- Pela Redação
- 29/05/2023
Márcio Eça do rufandobombonews
O anúncio da ex-vereadora Edna Sampaio (PT) de que colocou seu nome à disposição da federação Brasil da Esperança para disputar uma vaga ao Senado em Mato Grosso já começa a causar incômodo no campo progressista. A movimentação tem potencial para virar uma dor de cabeça direta para o ministro da Agricultura, Carlos Fávaro (PSD), que vinha trabalhando nos bastidores para se consolidar como candidato único da esquerda ao Senado, sem concorrência interna.
Até então, o projeto de Fávaro era claro: reunir o eleitorado progressista em torno de seu nome e evitar a pulverização de votos em um Estado onde a esquerda é minoritária e qualquer divisão pode ser fatal. A entrada de Edna nesse tabuleiro altera o cenário e expõe uma disputa que estava represada dentro da federação.
A surpresa veio na manhã desta sexta-feira (23), quando Edna divulgou uma carta aberta nas redes sociais anunciando sua disposição em disputar o Senado. O movimento pegou de surpresa inclusive aliados e sua própria base eleitoral. Até pouco tempo, o plano da petista era outro: concorrer a uma vaga na Assembleia Legislativa de Mato Grosso (ALMT), cargo para o qual já disputou em 2022, ficando como suplente.
Na carta, Edna aposta em sua trajetória de quase duas décadas no PT, na militância em causas sociais e no discurso de renovação do Congresso Nacional para justificar a pré-candidatura. Ela também se coloca como peça de sustentação política ao presidente Lula (PT), mirando a construção de um palanque mais ideológico no Estado.
“Sou filiada ao PT desde os 19 anos, cresci politicamente, participei de lutas e me orgulho de contribuir com a construção de um projeto de país que colocou pobres, mulheres e trabalhadores no centro das políticas públicas”, escreveu. Em outro trecho, afirma que a eleição exige “responsabilidade histórica” para fortalecer um campo progressista que defenda o avanço do governo Lula.
Nos bastidores, porém, o gesto é visto menos como construção coletiva e mais como ruptura de um acordo tácito que vinha sendo costurado para garantir a reeleição de Fávaro sem sobressaltos internos.
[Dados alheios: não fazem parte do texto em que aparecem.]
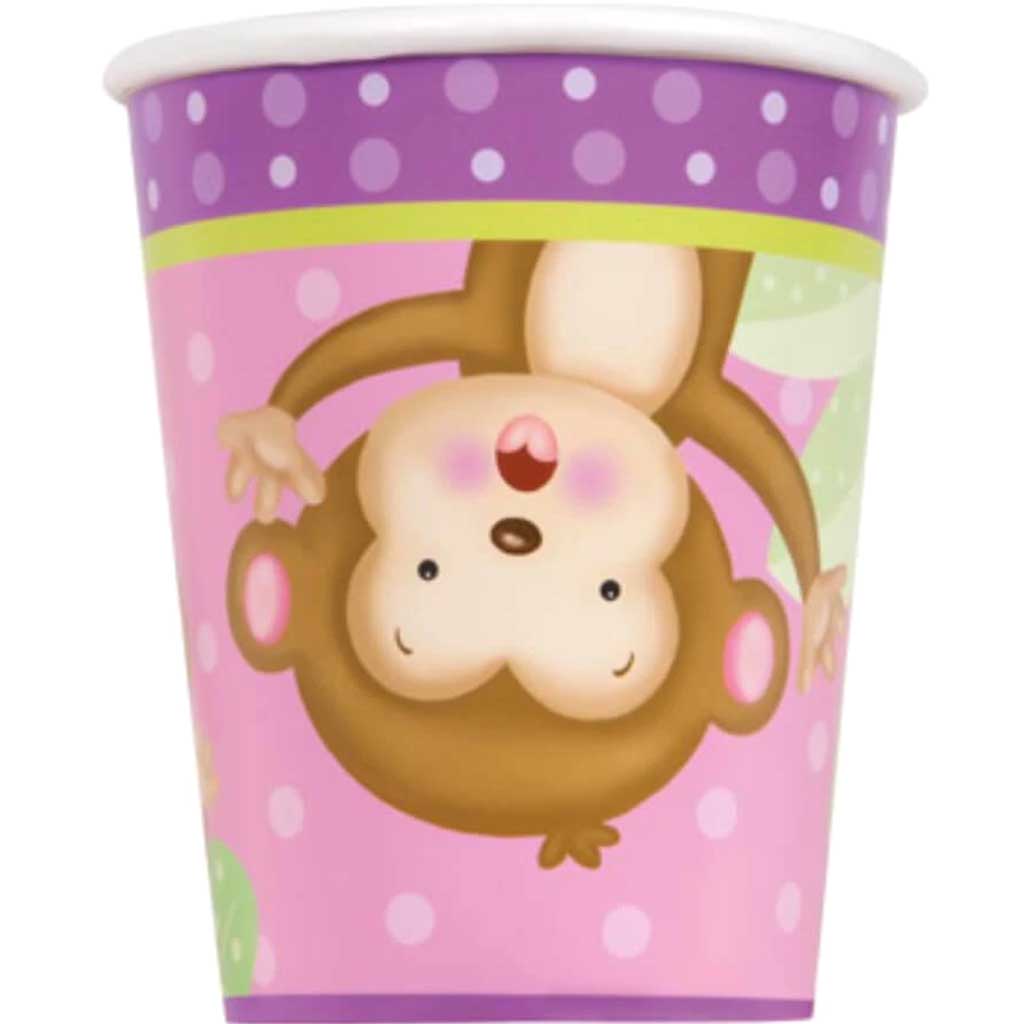 Girl Monkey Baby Shower 9oz Paper Cups, 8ct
Com poucos votos disponíveis à esquerda em Mato Grosso, a presença de mais um nome competitivo pode significar divisão, desgaste e enfraquecimento do projeto progressista no Senado.
Se a federação vai bancar a ousadia de Edna ou tentar enquadrar a candidatura em nome da “unidade”, o tempo dirá. Por ora, uma coisa é certa: o caminho que parecia livre para Fávaro ficou bem mais turbulento.
Além de Edna ainda têm Pedro Taques que recentemente assumiu o PSB em Mato Grosso e deve disputar o Senado com apoio da federação.